• What you will do:
Retype all the records with nothing changed.

• Records provided:
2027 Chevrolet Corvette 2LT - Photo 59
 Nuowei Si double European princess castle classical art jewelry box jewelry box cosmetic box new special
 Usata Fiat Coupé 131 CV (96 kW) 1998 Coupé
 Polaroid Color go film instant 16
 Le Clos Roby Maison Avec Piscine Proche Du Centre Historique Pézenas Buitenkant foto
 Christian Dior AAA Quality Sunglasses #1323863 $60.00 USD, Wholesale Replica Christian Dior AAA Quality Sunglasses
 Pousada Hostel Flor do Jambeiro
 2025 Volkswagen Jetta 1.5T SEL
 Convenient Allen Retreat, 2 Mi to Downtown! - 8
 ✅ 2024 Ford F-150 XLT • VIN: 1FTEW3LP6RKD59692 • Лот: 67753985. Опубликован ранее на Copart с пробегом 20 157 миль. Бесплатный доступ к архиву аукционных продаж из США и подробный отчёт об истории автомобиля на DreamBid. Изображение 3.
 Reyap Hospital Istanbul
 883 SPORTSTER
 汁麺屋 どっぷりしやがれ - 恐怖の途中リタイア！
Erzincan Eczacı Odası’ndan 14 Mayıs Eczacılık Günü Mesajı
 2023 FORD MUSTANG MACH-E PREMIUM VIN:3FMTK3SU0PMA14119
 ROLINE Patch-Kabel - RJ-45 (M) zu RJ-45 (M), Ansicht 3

• Solution to this task:
2027 Chevrolet Corvette 2LT - Photo 59
 Nuowei Si double European princess castle classical art jewelry box jewelry box cosmetic box new special
 Usata Fiat Coupé 131 CV (96 kW) 1998 Coupé
 Polaroid Color go film instant 16
 Le Clos Roby Maison Avec Piscine Proche Du Centre Historique Pézenas Buitenkant foto
 Christian Dior AAA Quality Sunglasses #1323863 $60.00 USD, Wholesale Replica Christian Dior AAA Quality Sunglasses
 Pousada Hostel Flor do Jambeiro
 2025 Volkswagen Jetta 1.5T SEL
 Convenient Allen Retreat, 2 Mi to Downtown! - 8
 ✅ 2024 Ford F-150 XLT • VIN: 1FTEW3LP6RKD59692 • Лот: 67753985. Опубликован ранее на Copart с пробегом 20 157 миль. Бесплатный доступ к архиву аукционных продаж из США и подробный отчёт об истории автомобиля на DreamBid. Изображение 3.
 Reyap Hospital Istanbul
 883 SPORTSTER
 汁麺屋 どっぷりしやがれ - 恐怖の途中リタイア！
Erzincan Eczacı Odası’ndan 14 Mayıs Eczacılık Günü Mesajı
 2023 FORD MUSTANG MACH-E PREMIUM VIN:3FMTK3SU0PMA14119
 ROLINE Patch-Kabel - RJ-45 (M) zu RJ-45 (M), Ansicht 3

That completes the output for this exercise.